=== Source material ===
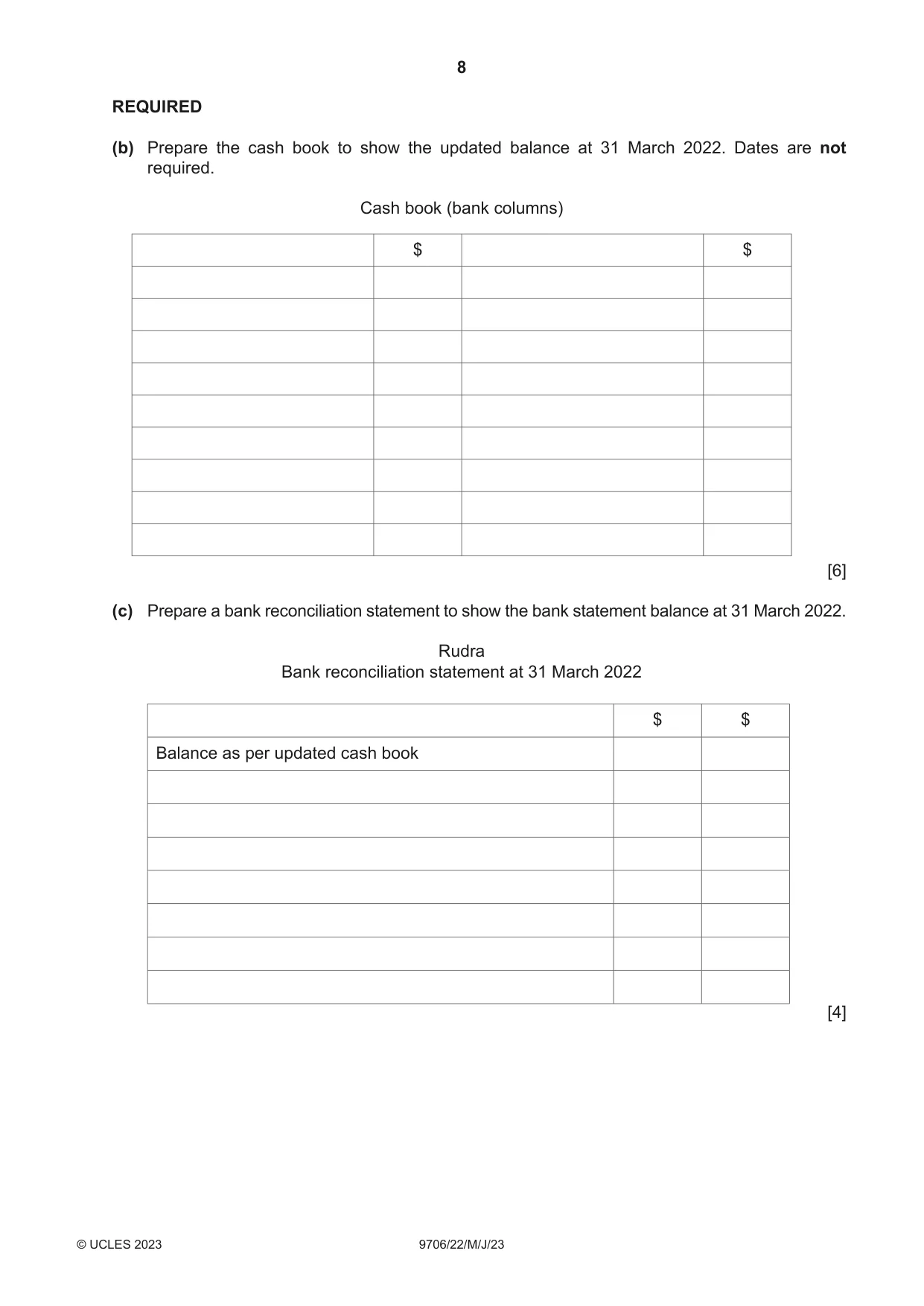 Cambridge A Level Accounting 9706 2023 May/June Paper 2 · Variant 2 question paper, page 8 of 20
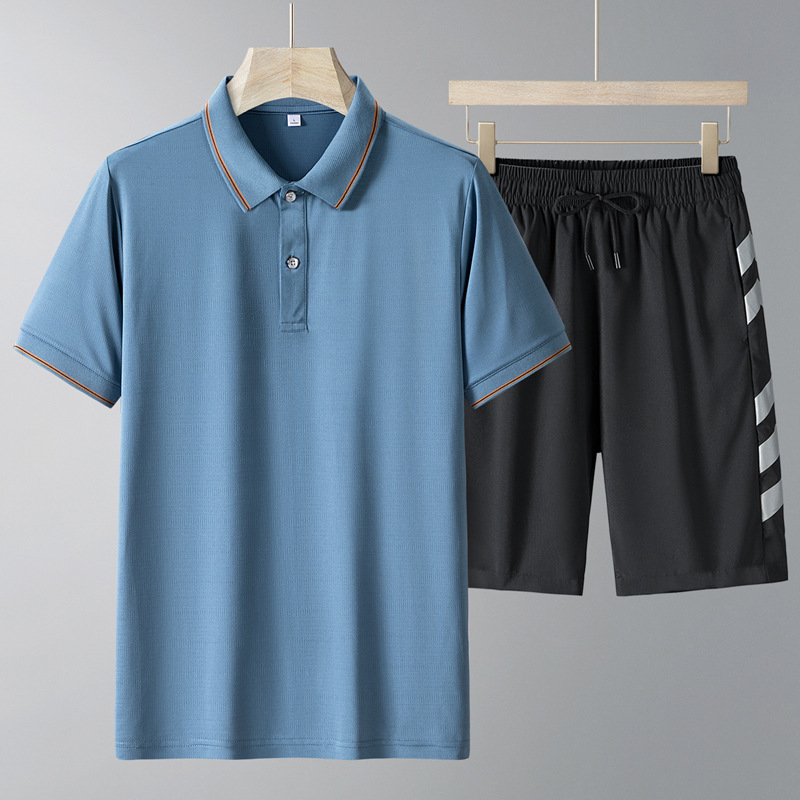 Traje de manga corta de mediana edad para hombre papá de verano seda de hielo pantalones cortos de secado rápido solapa polo ropa deportiva casual de dos piezas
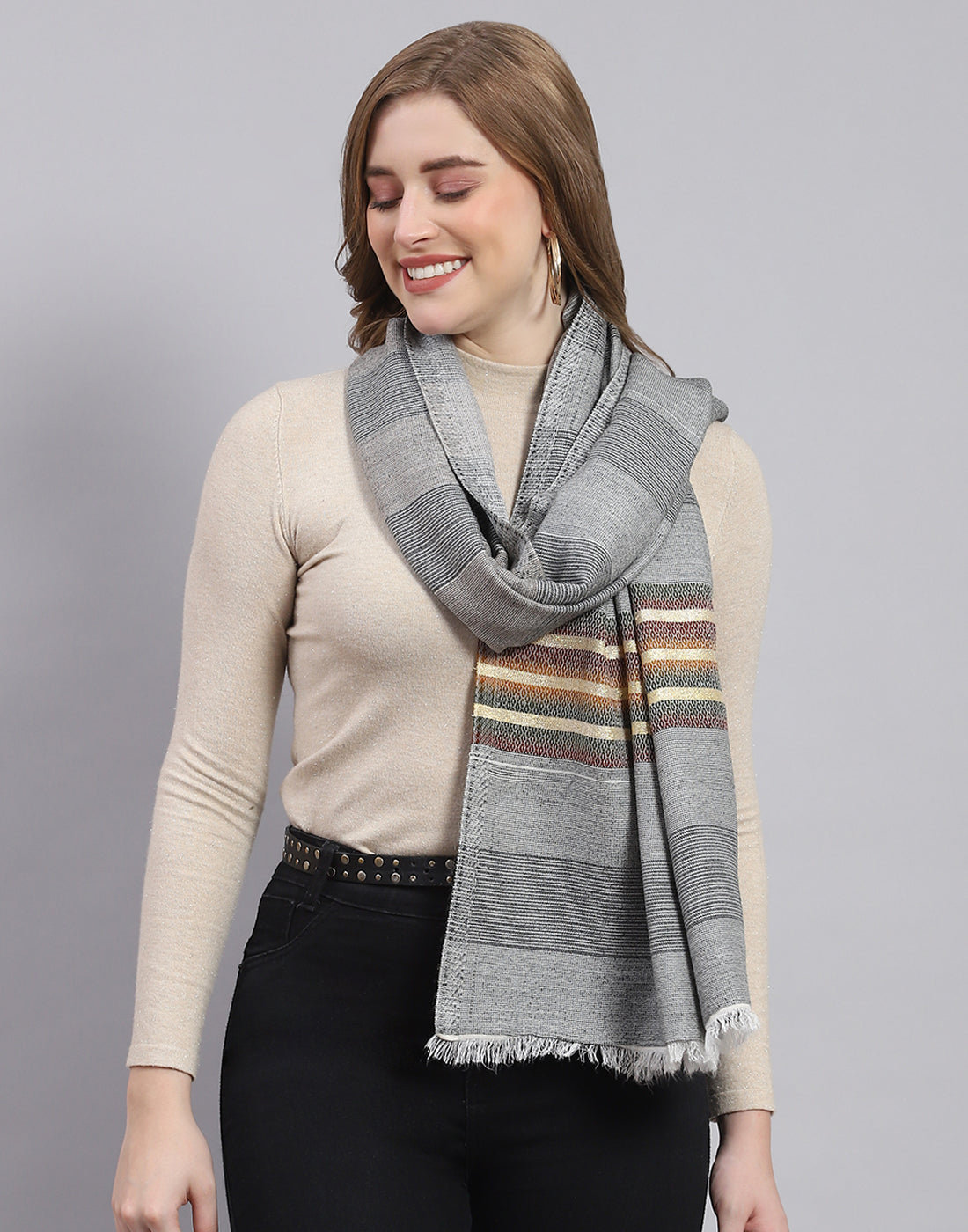 Women Grey Stripe Stole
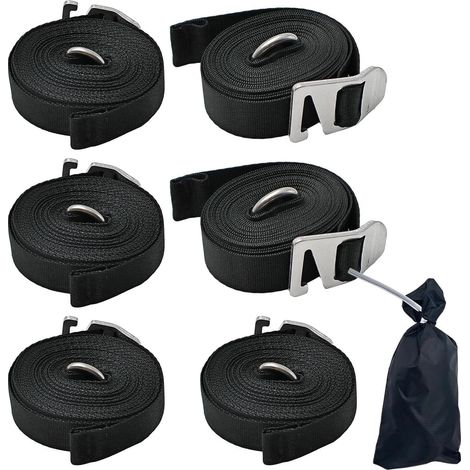 Juego de 6 correas de sujeción ajustables para toldos de autocaravanas. (1/5)
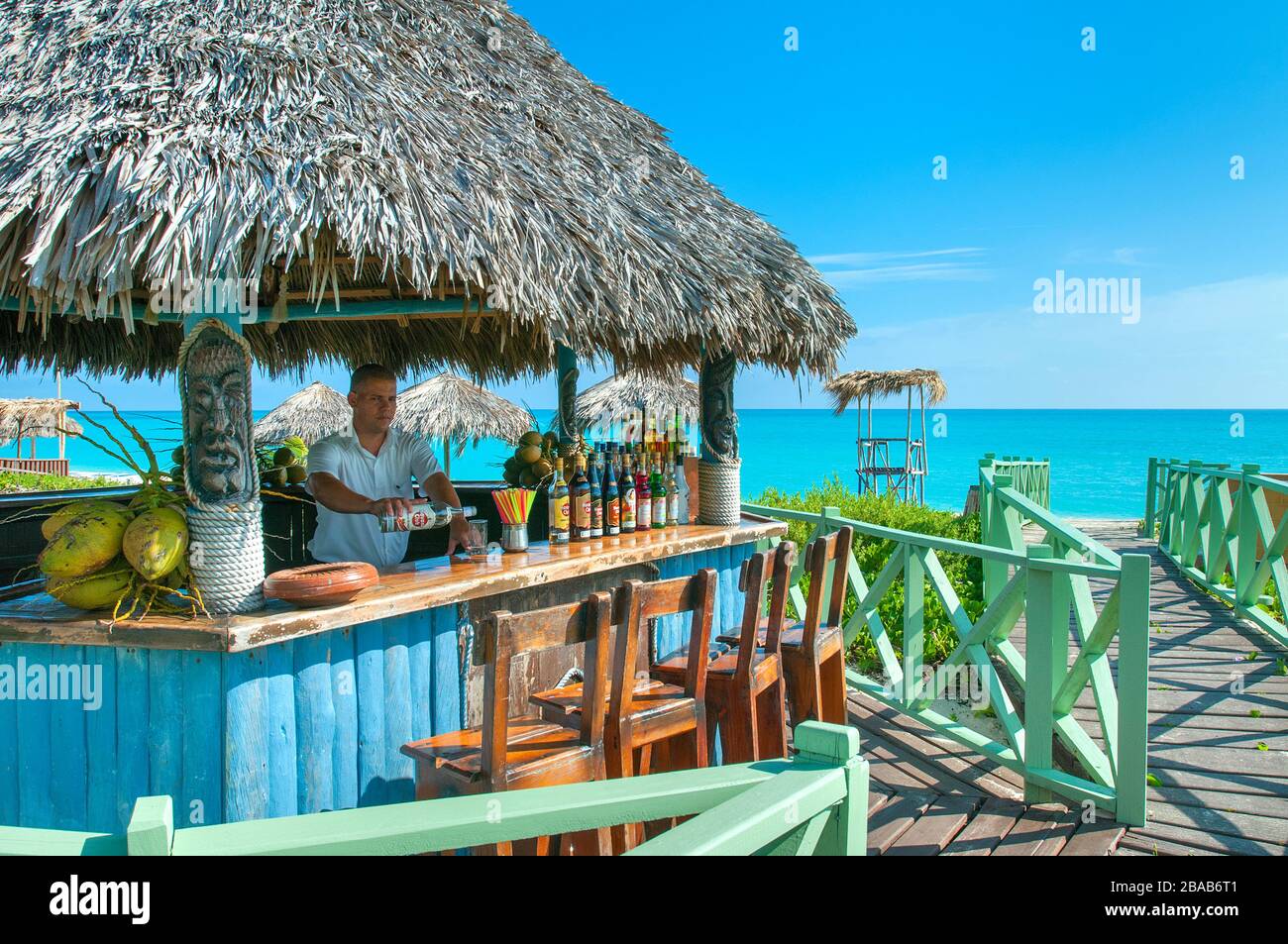 Hotel Beach Bar Cayo Santa Maria, Kuba Stockfoto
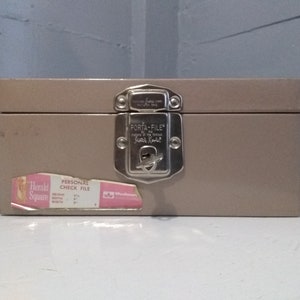 Vintage Metal File Box with Key - Woolworth Herald Square Prop, RhymeswithDaughter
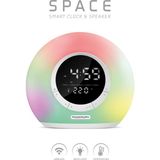 Powerway Saat Alarm USB Aux Müzik Çalar Radyo Gece Lambası Taşınabilir Space Bluetooth Hoparlör - Beyaz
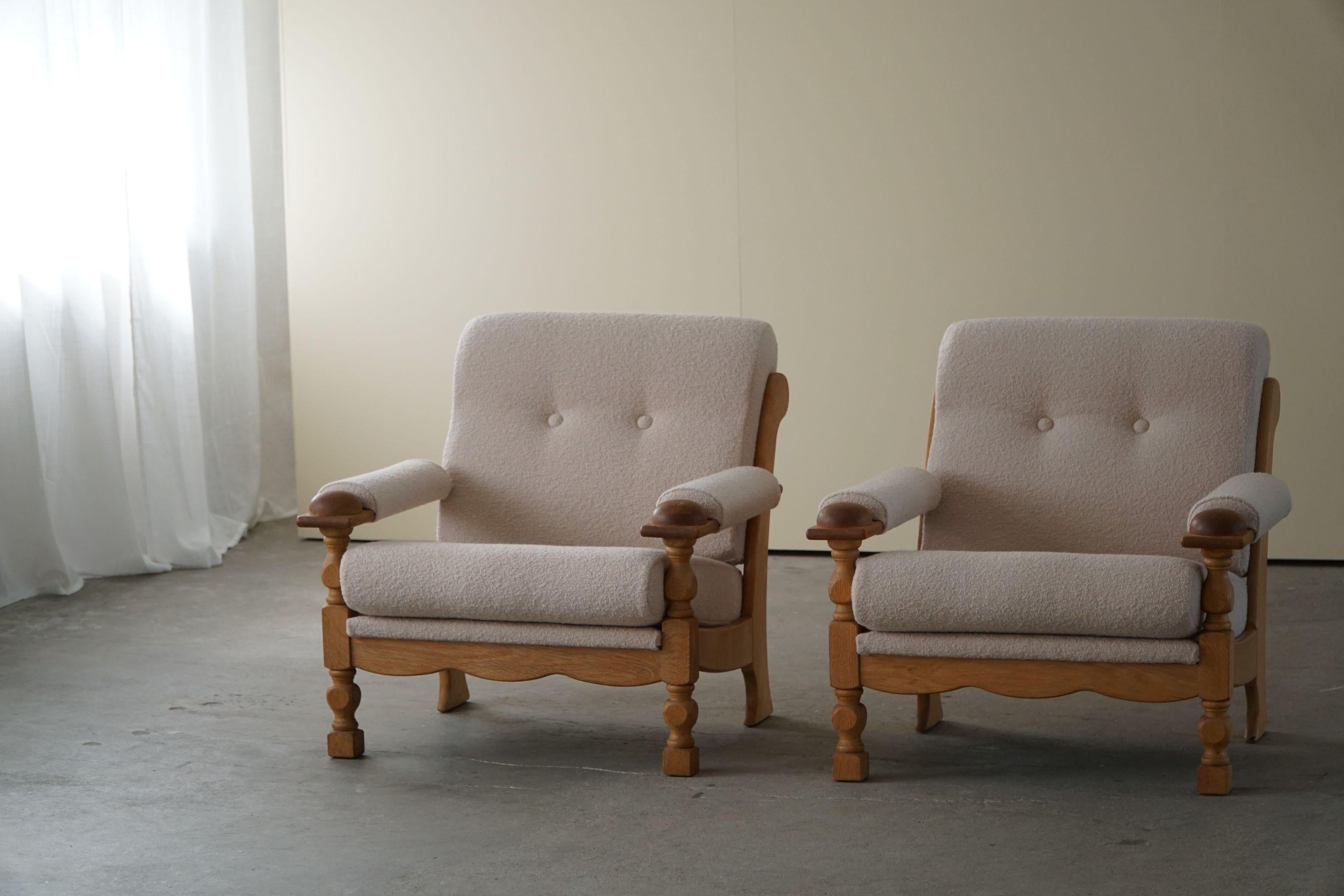 Pair of Danish Modern Easy Chairs in Oak & Bouclé, Henning Kjærnulf, 1960s 2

=== Brief ===
Although the records contain pictures, only the text should be copied, exactly as it stands.

=== Written solution ===
 Cambridge A Level Accounting 9706 2023 May/June Paper 2 · Variant 2 question paper, page 8 of 20
 Traje de manga corta de mediana edad para hombre papá de verano seda de hielo pantalones cortos de secado rápido solapa polo ropa deportiva casual de dos piezas
 Women Grey Stripe Stole
 Juego de 6 correas de sujeción ajustables para toldos de autocaravanas. (1/5)
 Hotel Beach Bar Cayo Santa Maria, Kuba Stockfoto
 Vintage Metal File Box with Key - Woolworth Herald Square Prop, RhymeswithDaughter
 Powerway Saat Alarm USB Aux Müzik Çalar Radyo Gece Lambası Taşınabilir Space Bluetooth Hoparlör - Beyaz
 Pair of Danish Modern Easy Chairs in Oak & Bouclé, Henning Kjærnulf, 1960s 2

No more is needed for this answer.